Sometimes it can be bleak out there in the water with the other desperados, while everyone else appears to be at home reading the weekend papers and enjoying another slice of hot buttered raisin toast. But when the swell arrives, be it at Possos, Juc or places further south, when you paddle those numb hands and catch that icy wave and tear down its glassy face, you wouldn't change your place with kings.
It takes a special kind of person to surf through winter.
OK, I’d like to think that as someone who willingly wakes before five o’clock in the morning twelve months of the year, leaps into their swimmers without even checking the surf report and
despite modern conveniences such as surfcams and online weather reports, bundles her boards, wax, a towel and a yawning husband into the car (not in that order) before driving off to the local beach with supreme confidence that today it will be pumping despite howling winds or hail; I’d like to think that this kind of person is, well, someone cool.
But I suspect it really boils down to being obsessed and as stubborn as all get out.
Sure, it’s easy to rise before dawn during Torquay’s seemingly endless summers and spend the day alternating between the glassy waves and the shade from the wind-twisted trees at Point Danger.
But come that first autumnal hint, then the non-committed turn away from the ocean and take up squash, skiing or footy until November.
Thank goodness.
Like those who purport to follow Richmond, but in reality only cheer them when they are winning, these fickle folk don’t realize what they are missing as winter surf is exhilarating time!
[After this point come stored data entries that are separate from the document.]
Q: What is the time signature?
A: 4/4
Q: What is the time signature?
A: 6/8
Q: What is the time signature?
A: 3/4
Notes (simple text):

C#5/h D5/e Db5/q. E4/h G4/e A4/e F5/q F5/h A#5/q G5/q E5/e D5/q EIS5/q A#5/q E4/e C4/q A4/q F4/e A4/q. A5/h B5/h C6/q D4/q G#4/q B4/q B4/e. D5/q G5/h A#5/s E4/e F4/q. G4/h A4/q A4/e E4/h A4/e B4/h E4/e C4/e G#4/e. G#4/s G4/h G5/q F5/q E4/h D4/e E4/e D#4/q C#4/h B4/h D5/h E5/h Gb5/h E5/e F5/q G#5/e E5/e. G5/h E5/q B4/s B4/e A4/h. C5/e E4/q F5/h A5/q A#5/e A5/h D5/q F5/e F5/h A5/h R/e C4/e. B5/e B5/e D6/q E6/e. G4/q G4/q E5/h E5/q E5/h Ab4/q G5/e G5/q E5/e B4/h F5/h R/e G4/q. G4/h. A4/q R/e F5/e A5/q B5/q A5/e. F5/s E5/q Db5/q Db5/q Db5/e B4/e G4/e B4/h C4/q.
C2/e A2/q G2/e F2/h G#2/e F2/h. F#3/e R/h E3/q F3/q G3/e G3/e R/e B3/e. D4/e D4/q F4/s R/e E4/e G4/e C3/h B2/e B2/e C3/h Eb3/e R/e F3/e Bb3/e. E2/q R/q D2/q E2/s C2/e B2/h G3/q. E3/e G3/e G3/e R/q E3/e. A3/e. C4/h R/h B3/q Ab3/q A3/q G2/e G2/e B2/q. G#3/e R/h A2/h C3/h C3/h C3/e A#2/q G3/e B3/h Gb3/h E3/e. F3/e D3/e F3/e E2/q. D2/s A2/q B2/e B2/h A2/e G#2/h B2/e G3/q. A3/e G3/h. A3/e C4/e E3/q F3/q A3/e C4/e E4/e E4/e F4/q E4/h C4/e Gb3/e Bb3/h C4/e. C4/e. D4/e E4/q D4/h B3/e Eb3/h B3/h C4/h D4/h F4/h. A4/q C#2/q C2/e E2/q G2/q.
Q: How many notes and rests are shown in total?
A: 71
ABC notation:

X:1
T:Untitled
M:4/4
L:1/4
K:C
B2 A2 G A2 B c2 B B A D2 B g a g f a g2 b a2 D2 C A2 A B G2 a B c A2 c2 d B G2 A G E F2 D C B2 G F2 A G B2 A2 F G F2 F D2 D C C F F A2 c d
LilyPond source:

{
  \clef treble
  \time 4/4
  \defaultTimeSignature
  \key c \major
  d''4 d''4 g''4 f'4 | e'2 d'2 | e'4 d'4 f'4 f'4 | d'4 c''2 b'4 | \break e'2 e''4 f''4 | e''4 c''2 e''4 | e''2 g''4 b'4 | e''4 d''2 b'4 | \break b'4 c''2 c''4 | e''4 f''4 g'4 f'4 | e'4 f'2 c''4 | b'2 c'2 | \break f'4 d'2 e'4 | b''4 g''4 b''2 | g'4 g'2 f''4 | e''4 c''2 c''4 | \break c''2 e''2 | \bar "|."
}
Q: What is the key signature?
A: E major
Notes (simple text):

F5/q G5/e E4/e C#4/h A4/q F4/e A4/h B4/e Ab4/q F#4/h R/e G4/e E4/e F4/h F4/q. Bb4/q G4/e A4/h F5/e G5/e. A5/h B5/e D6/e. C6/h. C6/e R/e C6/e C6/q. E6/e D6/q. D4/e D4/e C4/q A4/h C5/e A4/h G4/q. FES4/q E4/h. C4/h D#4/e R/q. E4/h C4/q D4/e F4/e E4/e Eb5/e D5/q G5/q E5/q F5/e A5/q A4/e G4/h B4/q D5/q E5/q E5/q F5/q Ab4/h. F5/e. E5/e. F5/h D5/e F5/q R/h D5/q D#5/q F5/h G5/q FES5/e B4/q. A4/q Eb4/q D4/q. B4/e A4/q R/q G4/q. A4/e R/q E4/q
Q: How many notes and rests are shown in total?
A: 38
Not only are the waves less crowded, they are heaps more fun to ride.
Fewer surfers mean less competition and a far mellower vibe.
Any foolish rivalry, either real or imagined between the tribes shortboarders, longboarders, mal riders, waveskiers, kneeboarders, standup paddlers and bodyboarders, for the most part disappears as we all sit there, hands tucked under armpits, teeth chattering together.
As you bob up and down with your fellow desperados, you feel scorn for those who non-believers who pull into the carpark, shake their heads and return home, warm , dry and without a wave to their name.
Some of the more mature longboarders even don neoprene rubber caps, looking strangely like medieval butchers or extras from ‘Monty Python and the Holy Grail’ as they swiftly paddle past. Perhaps it’s because I learned to surf here in Victoria where the water might be just 10 degrees whilst the wind chill factor you’d swear under oath is no more than 11, that I shake my head at the bleats from my friends in Sydney some 1000 km north, when they complain about winter.
Still, you know how cold it is by the time it takes for your feet to numb up - when you can’t feel your toes; it’s definitely time to paddle in.
Emerging, the wind whips through you as you pelt up the sand.
In the car park you thaw your frozen feet and hands by pouring the remains of the thermos flask contents over them or a specially prepared hot water bottle; the rick is to wrap it in a towel, then plastic bag and place it under your car.
This enables you can defrost your hands to get your keys hanging on a lanyard around your neck and insert it into the car lock without help from strangers passing by), and hurriedly place said towel on the seat so you can drive home rubber-clad. On the days when my husband has the car and I cycle to the beach, I wear gloves so I can maintain grip on the handlebars and coming back, I peddle as hard as I can to get the blood going.
Dashing inside, you jump in the shower, turn the water on hot, hot, hot and are revived in the heat rush.
Later, rugged up and sipping miso soup or tea, then gobbling porridge, crumpets or poached eggs (some days you feel so starved you’d consume it all) by the fire, you relive every wave and email or text your girlfriends about the amazing rides you caught, wiped out on and the Harvey wallbanger sunrise you were privileged to witness.
Who cares about mortgages, the falling economy, your idiot boss or newspaper headlines?
Its winter waves ahoy.
The surf is up and so are my spirits.